Programmschiene

Conrad Veidt

CONRAD VEIDT
DÄMON, TEUFEL, HELD, GENIE

Retrospektive von 11. Jänner bis 28. Februar 2018

 

»Seit Jahren […] habe ich nicht so aufmerksam im Kino gesessen wie beim CABINET DES DR. CALIGARI.«, schreibt Kurt Tucholsky in einem Text für Die Weltbühne: »Veidt stelzt dünn und nicht von dieser Erde durch seine wirre Welt: einmal ein herrlicher Augenaufschlag, einmal wie von Kubin, schwarz und schattenhaft und ganz lang an einer Mauer hingespensternd.« Mit seiner Rolle als somnambuler Cesare, der unfreiwillig zum Mörder wird, gelingt dem in Berlin geborenen Connie (wie er liebevoll von Publikum wie Freunden genannt wurde) Veidt der große Durchbruch in seiner noch jungen Karriere. Zum 125. Geburtstag (oder auch: 75 Jahre nach seinem Tod) spürt das Filmarchiv Austria einem DER großen Filmschauspieler des 20. Jahrhunderts nach.

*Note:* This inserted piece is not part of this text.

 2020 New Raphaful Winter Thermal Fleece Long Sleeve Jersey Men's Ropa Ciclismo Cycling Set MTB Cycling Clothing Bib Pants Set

Die Karriere des unrühmlichen Schulabbrechers begann bereits vor den Wirren des Ersten Weltkriegs, als er unter Max Reinhardt am Deutschen Theater in Kleinrollen auftritt. Nach 1918 wendet er sich dem Kino zu, spielt unter Richard Oswald und Robert Reinert in populären Sitten- und Aufklärungsfilmen. Nach seinem Erfolg in Robert Wienes CALIGARI-Film gibt es kein Halten mehr. Veidt wird auf Rollen als Dämon oder Bösewicht festgelegt. Bald schon ruft Hollywood nach dem privat alles andere als sinisteren Schauspieler. In Folge des beginnenden Tonfilmzeitalters und seines Akzents wegen kehrt er wieder nach Deutschland zurück, das er nach der Machtübernahme der Nazis endgültig Richtung England und USA verlassen muss, wo noch einige seiner memorabelsten Leinwandauftritte entstehen und er schließlich an der Seite von Humphrey Bogart und Ingrid Bergman in CASABLANCA landet. Veidt stirbt am 3. April 1943 während eines Golfspiels an einem Gehirnschlag. Er wird nur 50 Jahre alt. Erich Pommer: »Schwer zu entscheiden, was an ihm mehr zu bewundern war: sein Künstlertum oder seine Menschlichkeit.« (Florian Widegger)

In knapp 40 Spielfilmen zeigt das Filmarchiv Austria Conrad Veidts beeindruckende Entwicklung vom Stummfilm zum Tonfilm, vom Expressionismus zur Neuen Sachlichkeit, vom Schurken hin zum Charakterdarsteller.